[[ Data shown open ]]
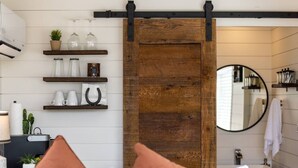 A modern bathroom with a wooden sliding door, shelves with glassware, a mirror, and a sink. - New! The Perry-Chic container home Oasis (Fredericksburg)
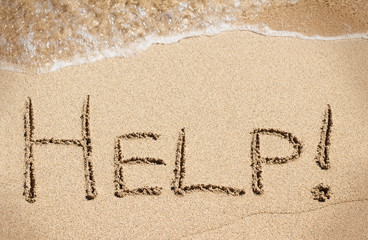 Help word written on sand beach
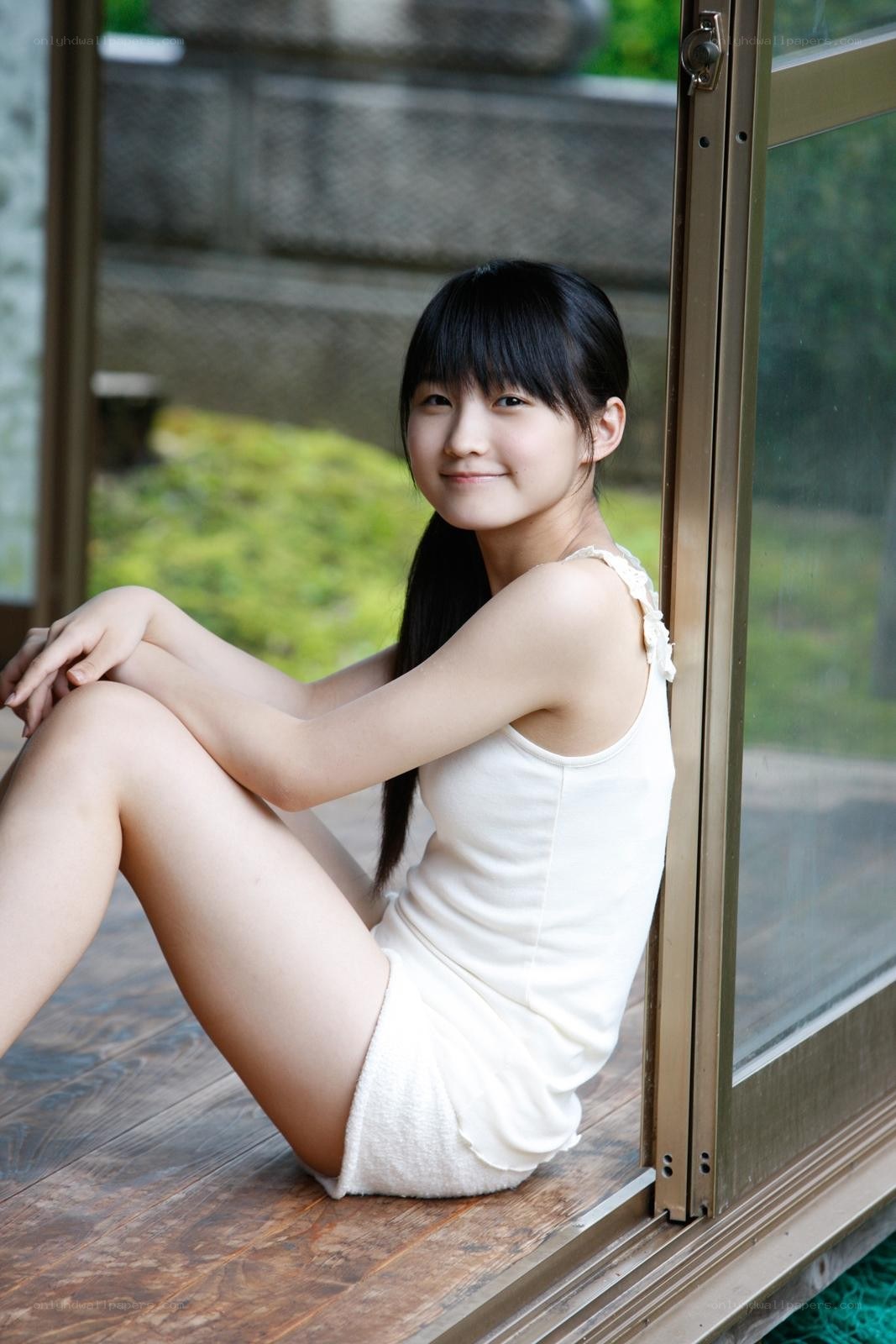 girl sitting by window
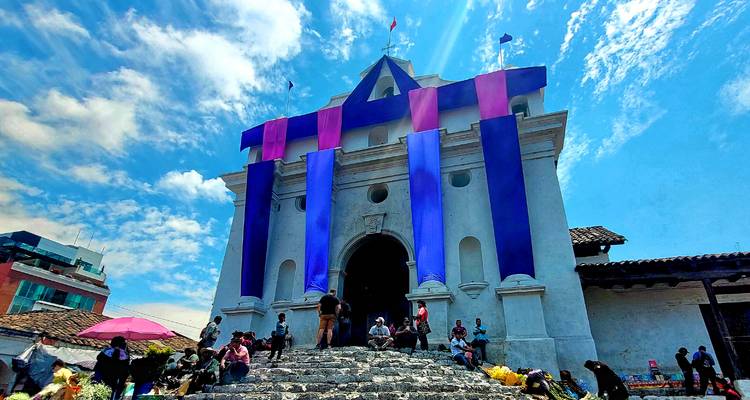 White colonial church draped in purple festival banners with locals gathered on stone steps under a bright sky in Chichicastenango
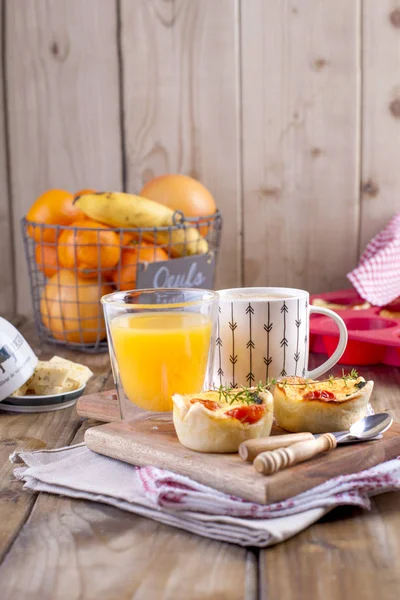 Zelfgemaakte cupcakes met kaas en cherry tomaten op een houten bord, de lepel en het mes. tabel handdoek in een rode kooi, een glas jus d'orange en geurende koffie, met ruimte voor het schrijven van tekst of reclame — Stockfoto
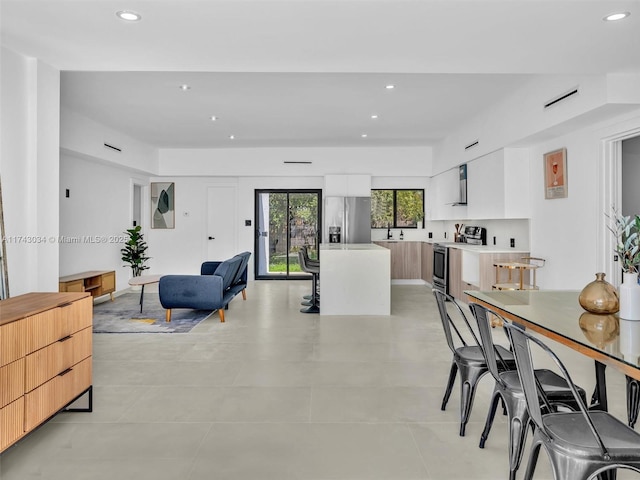 dining area featuring recessed lighting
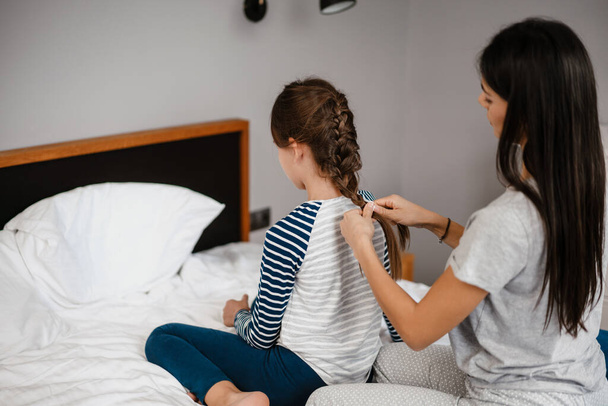 Nice beautiful mother making hairstyle to her daughter while sitting on bed at home - Foto, Imagen
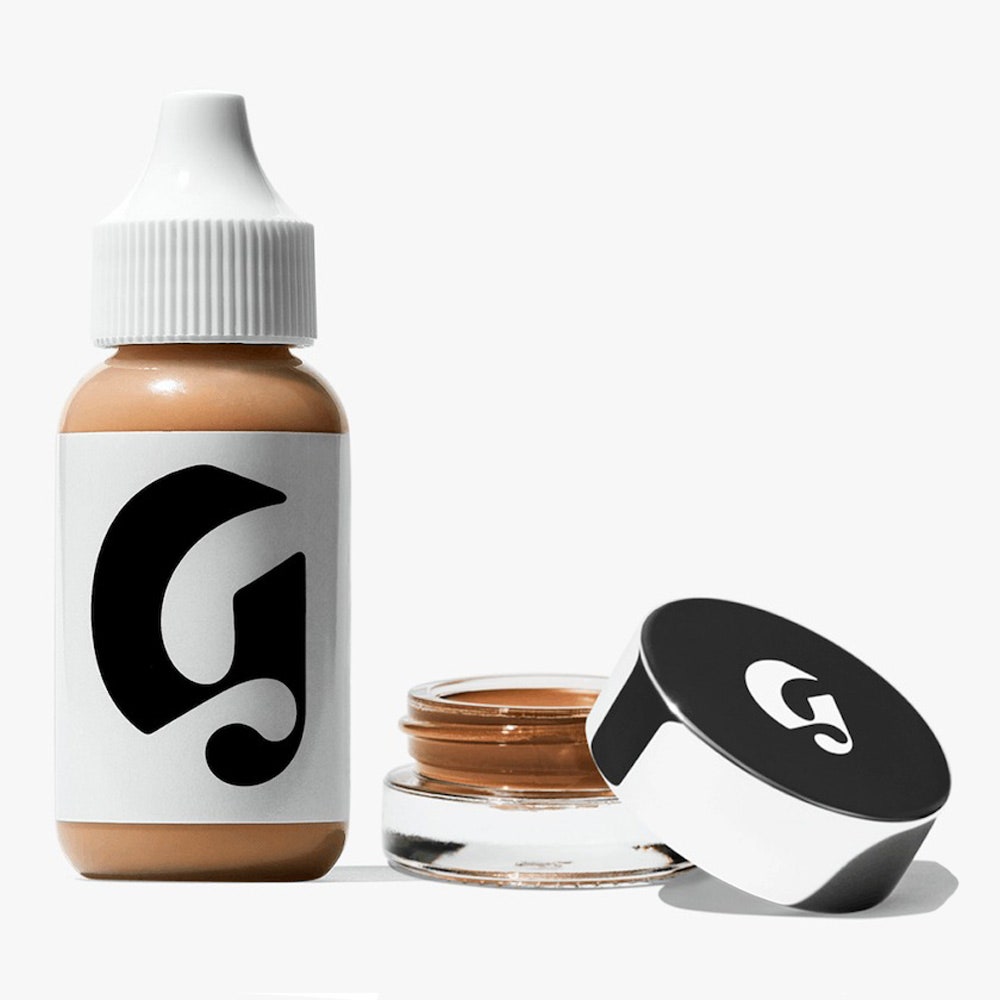Glossier Perfecting Skin Tint + Stretch Balm Concealer Duo Flasche und Glas mit silberner Kappe auf weißem Hintergrund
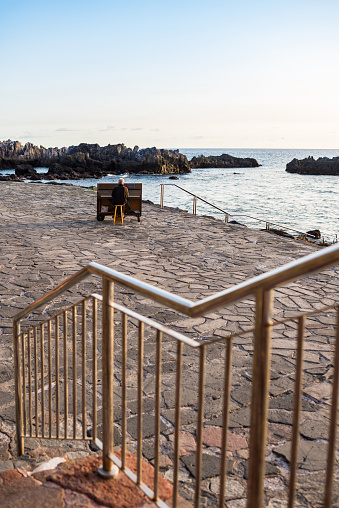 An elderly man playing a piano in a harbour, in front of the Atlantic ocean at a beautiful sunset.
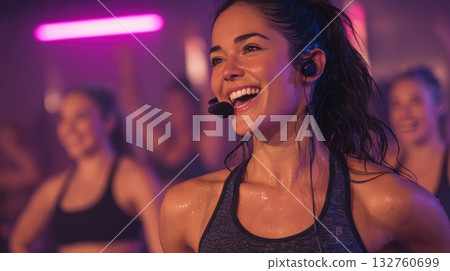 Energetic Female Fitness Instructor Leading Group Workout with Neon Lights 132760699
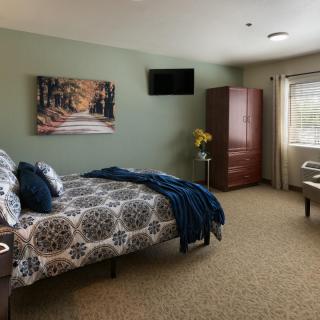 A cozy bedroom with patterned bedding, an armoire, and a wall-mounted TV.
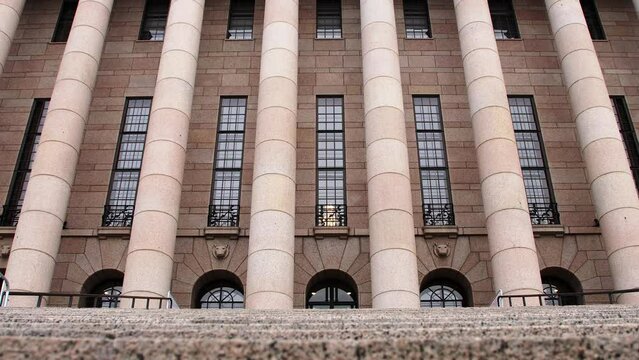 Classical architecture of Helsinki Parliament House, grand columns, daytime, no people, wide shot slow zoom in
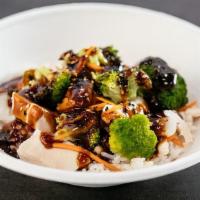 Eggplant Rice Bowl · Original hummus topped with charred eggplant, romaine cucumber tomato salad, tahini, and our...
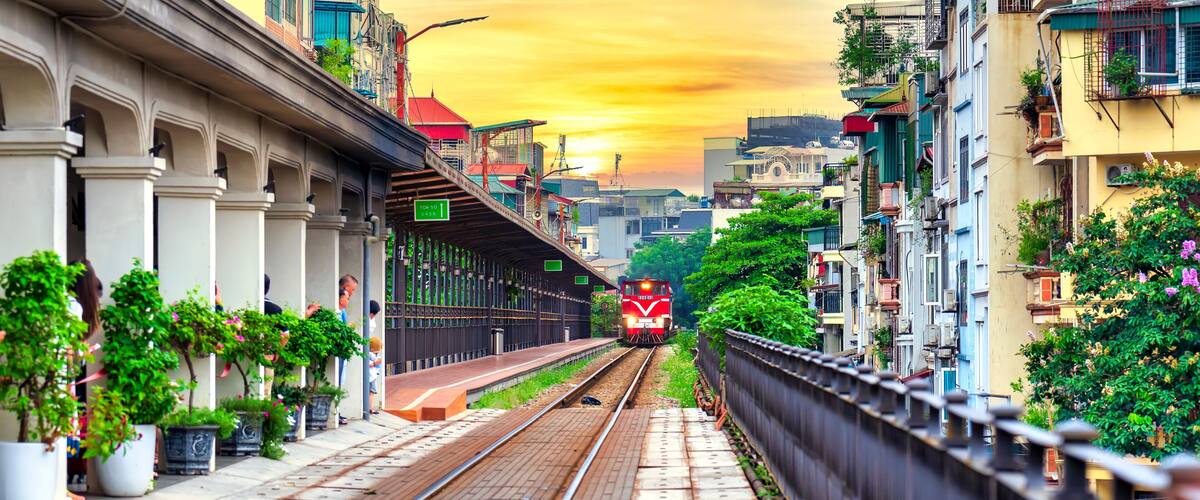 Train running on ancient railway at Long Bien bridge station in Hanoi, Vietnam with market community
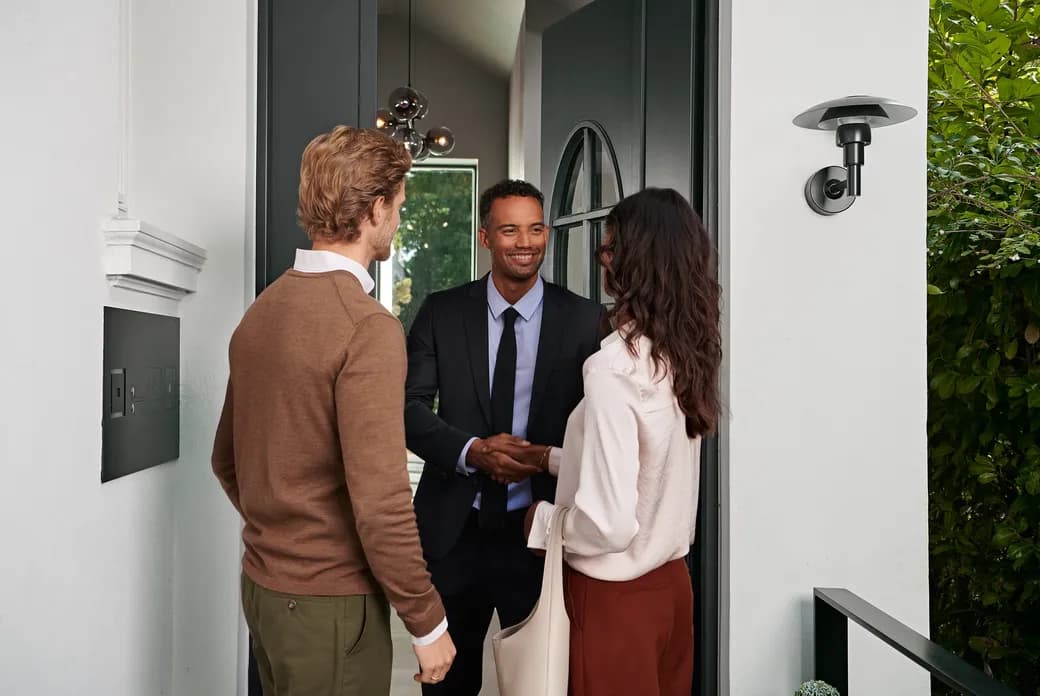 A real estate agent in a suit greets a couple at the doorway of a modern white house, with greenery outside.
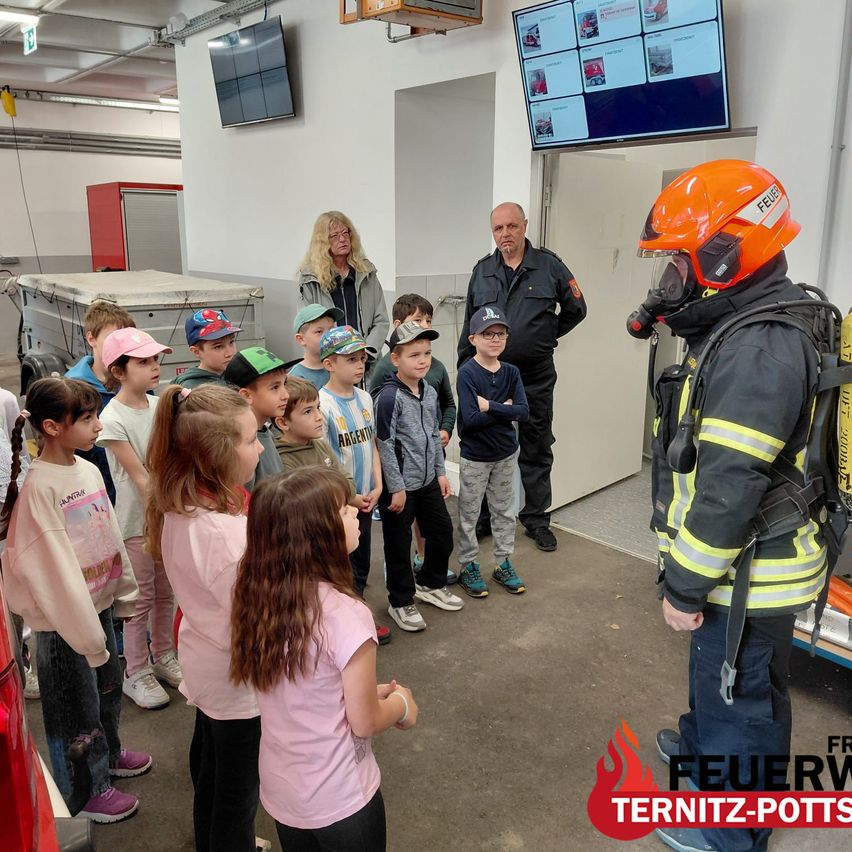 A firefighter in full gear talks to a group of children inside a fire station. Some adults stand behind the children.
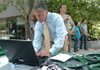 Northwest Arkansas resident Bill Reynolds sends a note to his U.S. senator Monday during the Highway to Health Care RV Tour stop in Fayetteville on the downtown Square. The tour is traveling around the nation to promote health care reform. 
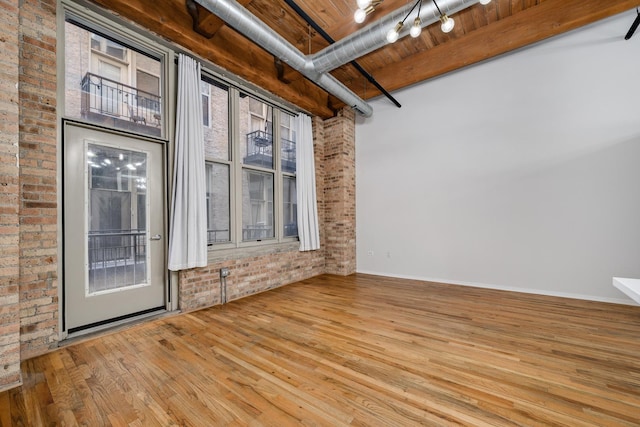 unfurnished room featuring beam ceiling, light wood-style flooring, wood ceiling, track lighting, and brick wall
[[ Data shown closed ]]
→ Prompt
A verbatim reproduction is expected: starting at the line above that has "Help word written on sand beach", ending at the line that has "A firefighter in", both included, and with no pictures and no other lines.

→ Answer area
 Help word written on sand beach
 girl sitting by window
 White colonial church draped in purple festival banners with locals gathered on stone steps under a bright sky in Chichicastenango
 Zelfgemaakte cupcakes met kaas en cherry tomaten op een houten bord, de lepel en het mes. tabel handdoek in een rode kooi, een glas jus d'orange en geurende koffie, met ruimte voor het schrijven van tekst of reclame — Stockfoto
 dining area featuring recessed lighting
 Nice beautiful mother making hairstyle to her daughter while sitting on bed at home - Foto, Imagen
Glossier Perfecting Skin Tint + Stretch Balm Concealer Duo Flasche und Glas mit silberner Kappe auf weißem Hintergrund
 An elderly man playing a piano in a harbour, in front of the Atlantic ocean at a beautiful sunset.
 Energetic Female Fitness Instructor Leading Group Workout with Neon Lights 132760699
 A cozy bedroom with patterned bedding, an armoire, and a wall-mounted TV.
 Classical architecture of Helsinki Parliament House, grand columns, daytime, no people, wide shot slow zoom in
 Eggplant Rice Bowl · Original hummus topped with charred eggplant, romaine cucumber tomato salad, tahini, and our...
 Train running on ancient railway at Long Bien bridge station in Hanoi, Vietnam with market community
 A real estate agent in a suit greets a couple at the doorway of a modern white house, with greenery outside.
 A firefighter in full gear talks to a group of children inside a fire station. Some adults stand behind the children.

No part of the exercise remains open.